▶ EXERCISE BRIEF: Output each record below exactly as it stands, leaving out the pictures.

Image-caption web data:
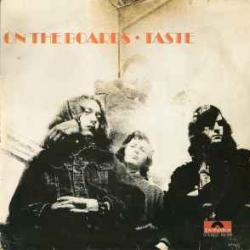 TASTE ON THE BOARDS Виниловая пластинка TASTE ON THE BOARDS Виниловая пластинка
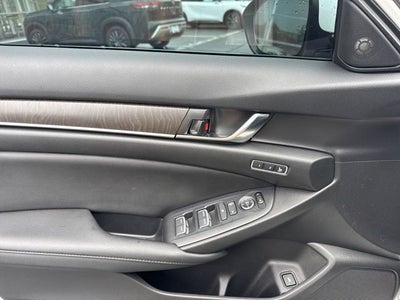 2021 Honda Accord Touring 2.0T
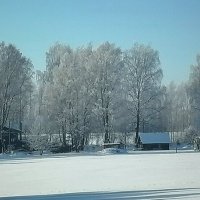 Настоящая зима. :: adrow 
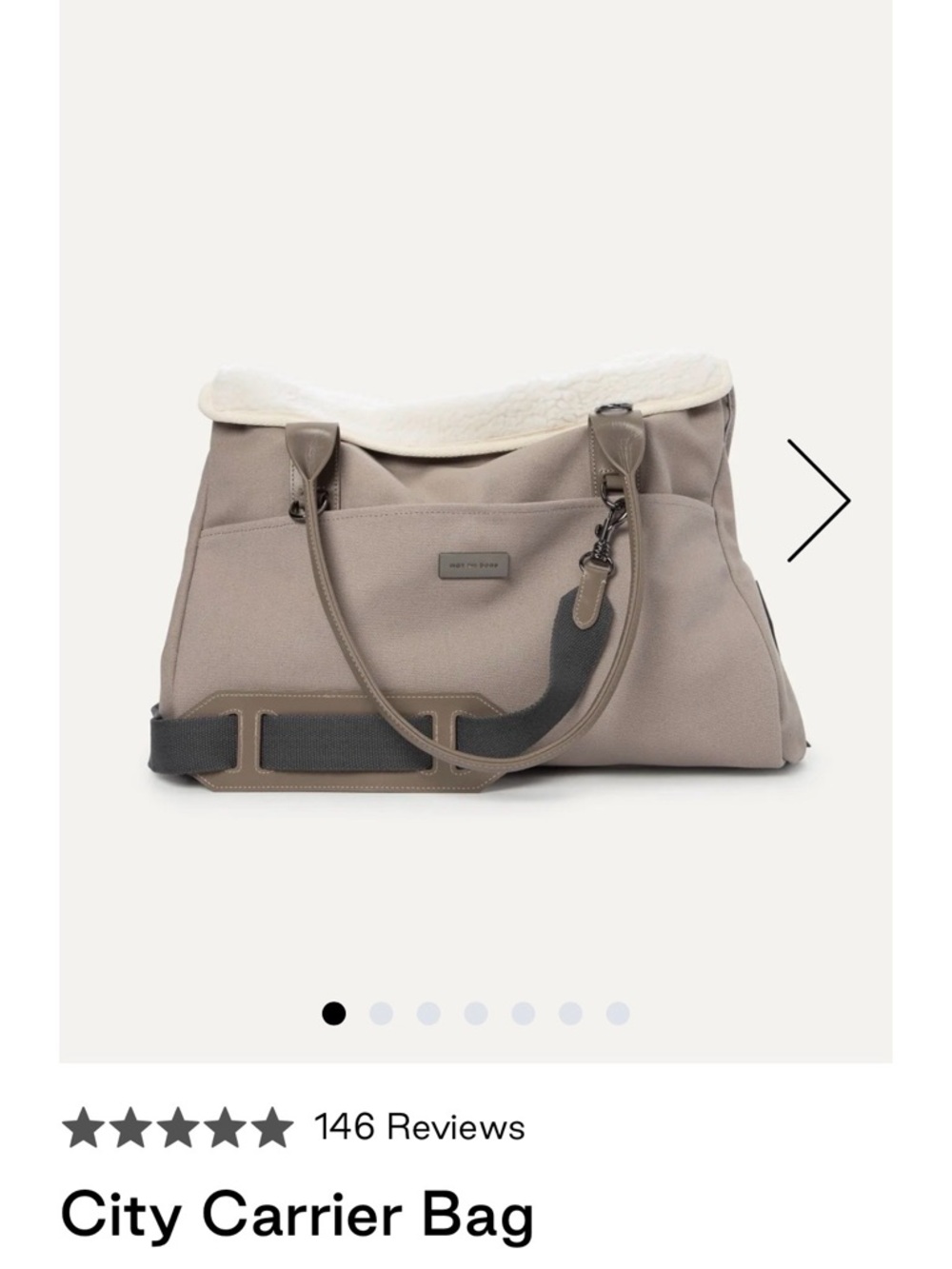 Maxbone City Carrier Bag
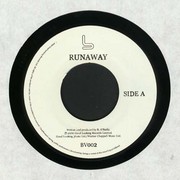 Big Bud - Runaway (Blue Vinyl BV002, 2000) :   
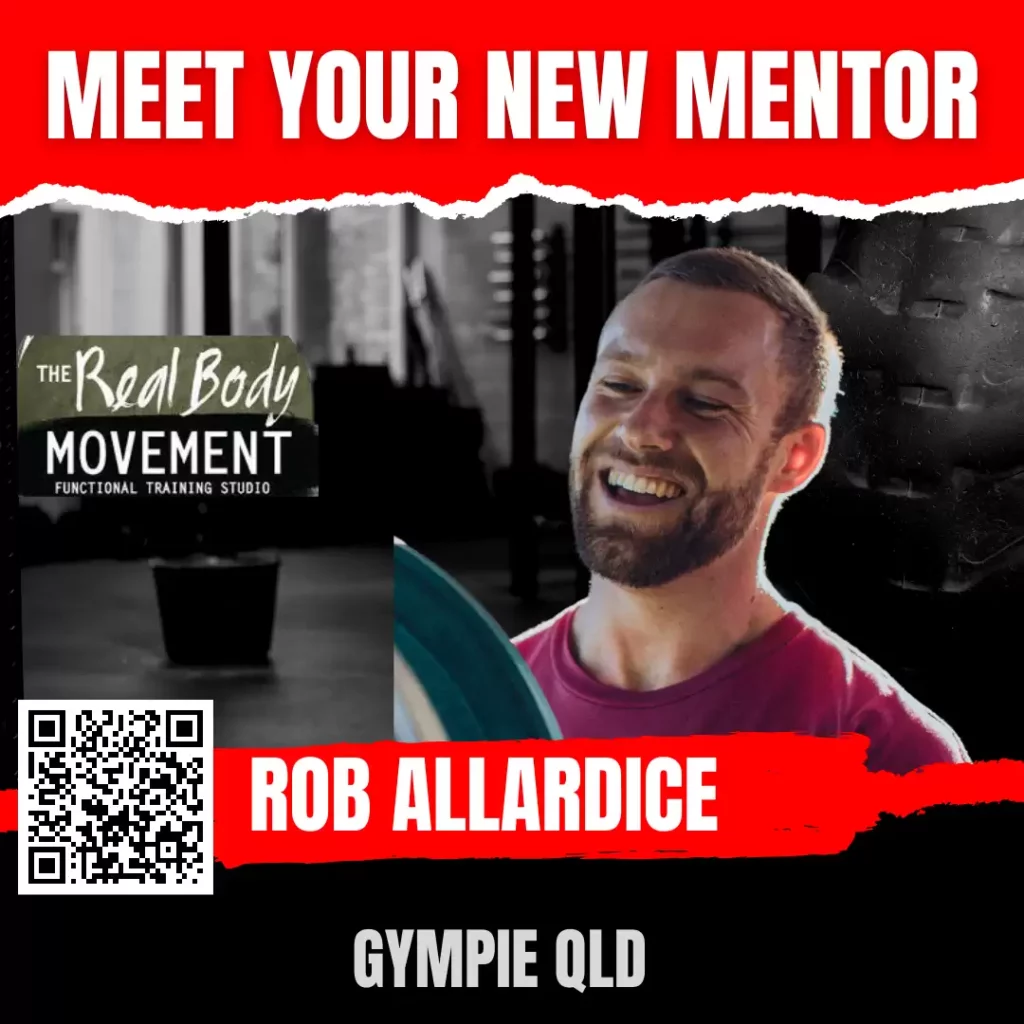 Rob Allardice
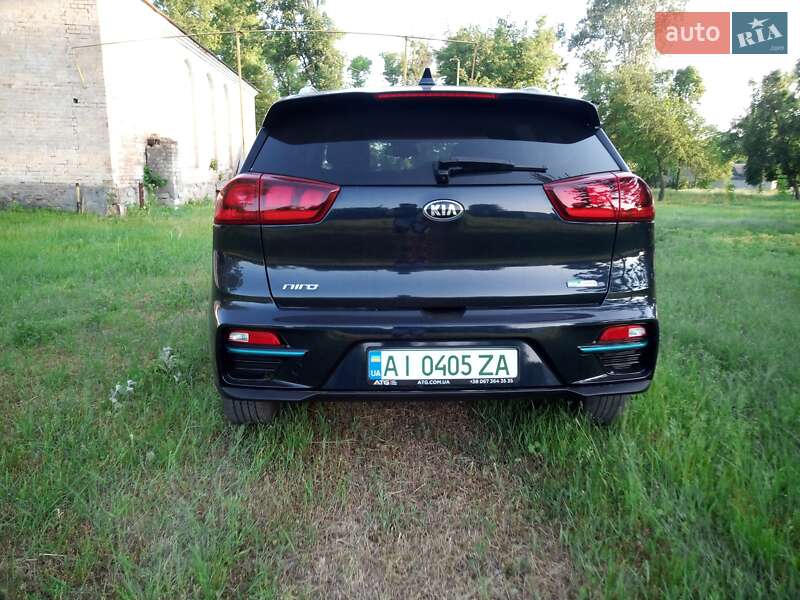 Внедорожник / Кроссовер Kia Niro 2019 в Броварах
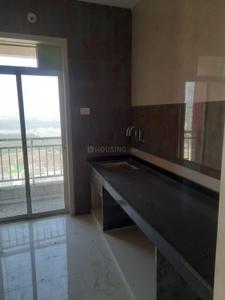 Kitchen Image of 370 Sq.ft 1 BHK Apartment / Flat for sale in Dombivli East Thane for Rs. 3200000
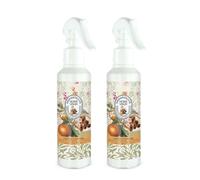 PLUS HOME Aromas para el Hogar: Explora Nuestra Gama de Ambientadores en Spray.CANELA Y NARANJA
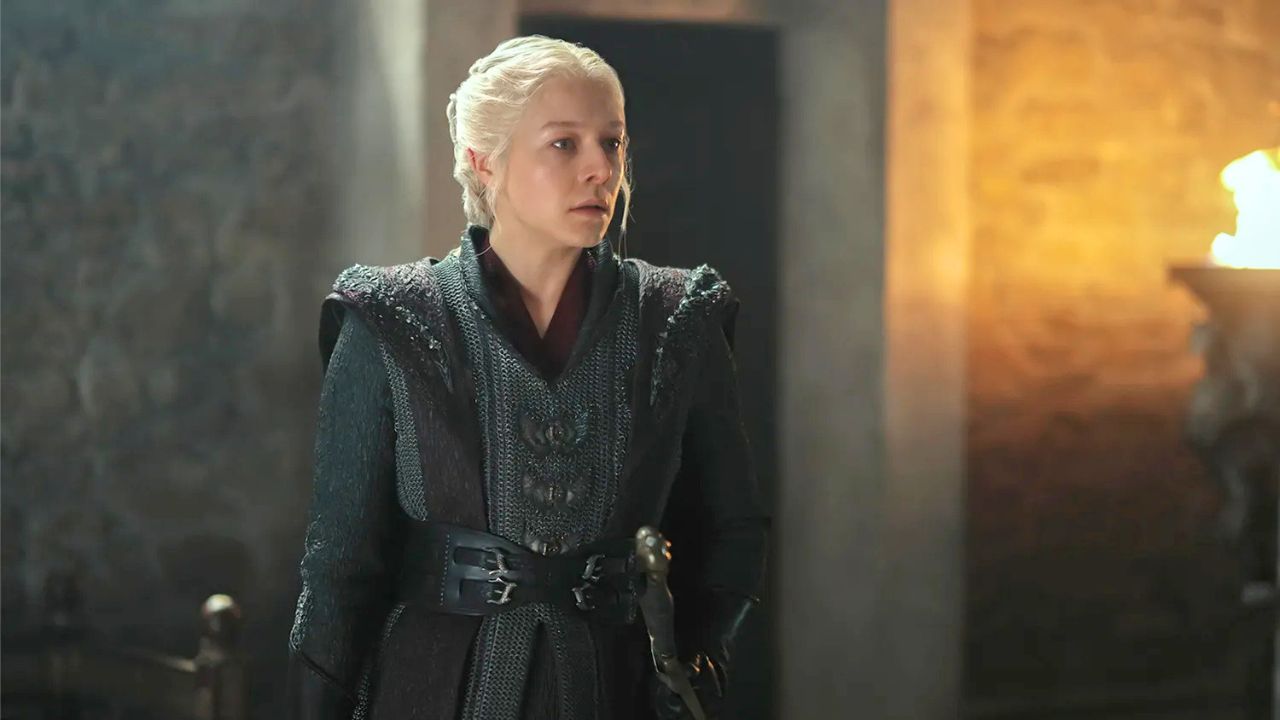 House of the Dragon 3, Emma D’Arcy svela la scena che ha temuto di più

▶ RESULT FOR THIS TASK:
 TASTE ON THE BOARDS Виниловая пластинка TASTE ON THE BOARDS Виниловая пластинка
 2021 Honda Accord Touring 2.0T
 Настоящая зима. :: adrow 
 Maxbone City Carrier Bag
 Big Bud - Runaway (Blue Vinyl BV002, 2000) :   
 Rob Allardice
 Внедорожник / Кроссовер Kia Niro 2019 в Броварах
 Kitchen Image of 370 Sq.ft 1 BHK Apartment / Flat for sale in Dombivli East Thane for Rs. 3200000
 PLUS HOME Aromas para el Hogar: Explora Nuestra Gama de Ambientadores en Spray.CANELA Y NARANJA
 House of the Dragon 3, Emma D’Arcy svela la scena che ha temuto di più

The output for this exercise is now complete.